Global supply chain constraints led to Canada’s highest inflation rate in 30 years
COVID-19 pandemic complicated transportation of goods in 2021
January 20, 2022, 12:40 pm ASTLast Updated: January 20, 2022, 8:43 pm
Canadians are still feeling the effects of COVID-19 on the economy.
On Wednesday, Statistics Canada released its annual review of the consumer price index for 2021, and found that the CPI rose at its fastest pace since 1991.
Food, cars, houses, appliances, insurance and more are all becoming more and more expensive as Canada’s inflation rate reached 4.8 per cent.
“A lot of this has been driven by particular goods that are made in other countries and sold all around the world,” said James McNeil, an assistant professor in Dalhousie’s economics department.
McNeil said that there has been pressure on the global supply chain that is leading to the increase in prices for goods, which Statistics Canada also pointed out in its annual review.
Grocery prices are one area that continue to be on the rise. Breakfast foods such as eggs, bacon and fresh fruit all cost more in 2021 than in 2020.
Sylvain Charlebois, director of the food-analytics lab at Dalhousie, agreed with McNeil and Statistics Canada on the issues with the supply chain. He highlighted how it is affecting the food industry.
“What we’ve seen in the grocery store is a clear reflection on what goes on up the food chain, unfortunately,” said Charlebois.
McNeil said that when inflation increases, it disproportionately affects those who have low income or a fixed income.
He said that everyone needs food and shelter. People can avoid buying expensive items such as cars and furniture, but they still need to eat and when food prices increase it hurts everyone.
“Anyone who’s on a fixed income, no matter what level, finds it very difficult when there’s inflation,” said Bill VanGorder of the Canadian Association of Retired Persons.
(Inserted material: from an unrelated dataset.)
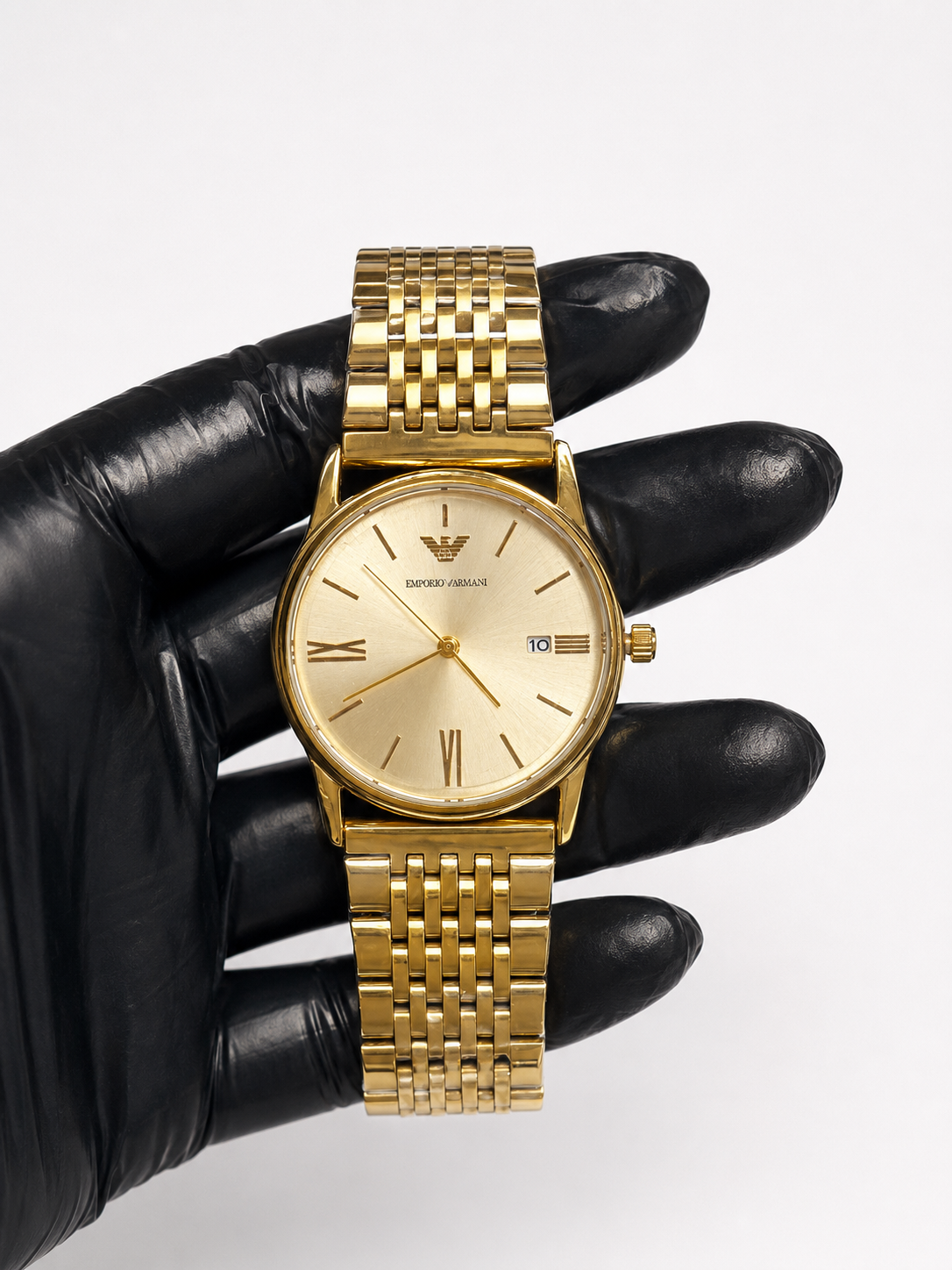 Emporio Armani Dourado — Mostrador Champagne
“If everything goes up four, five, six or seven per cent, you feel that as much or as more as somebody on a low income, so it’s extremely worrisome,” said VanGorder.
VanGorder would like to see the Canadian government doing more to help its retired population who live on a fixed income, sooner rather than later.
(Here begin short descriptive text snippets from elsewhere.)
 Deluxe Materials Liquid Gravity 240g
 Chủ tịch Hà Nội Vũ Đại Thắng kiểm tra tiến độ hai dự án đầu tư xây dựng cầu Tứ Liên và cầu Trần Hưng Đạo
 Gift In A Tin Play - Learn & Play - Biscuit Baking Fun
“If you’re 80 years old, and somebody says, ‘We’ll do something, we’ll make it better over the next five years’, that falls on deaf ears. Somebody who’s 80 years old may not be around to enjoy it five years from now,” said VanGorder.
There is a silver lining looking towards the future when discussing Canada’s inflation rate.
“We’re already seeing some signs that inflation is kind of levelling out, and maybe even tapering off,” said McNeil.
McNeil noted that experts such as the Bank of Canada predicted a rise in the country’s inflation rate at the beginning of the year, but that it should stabilize and move back toward the target of two per cent in the coming months.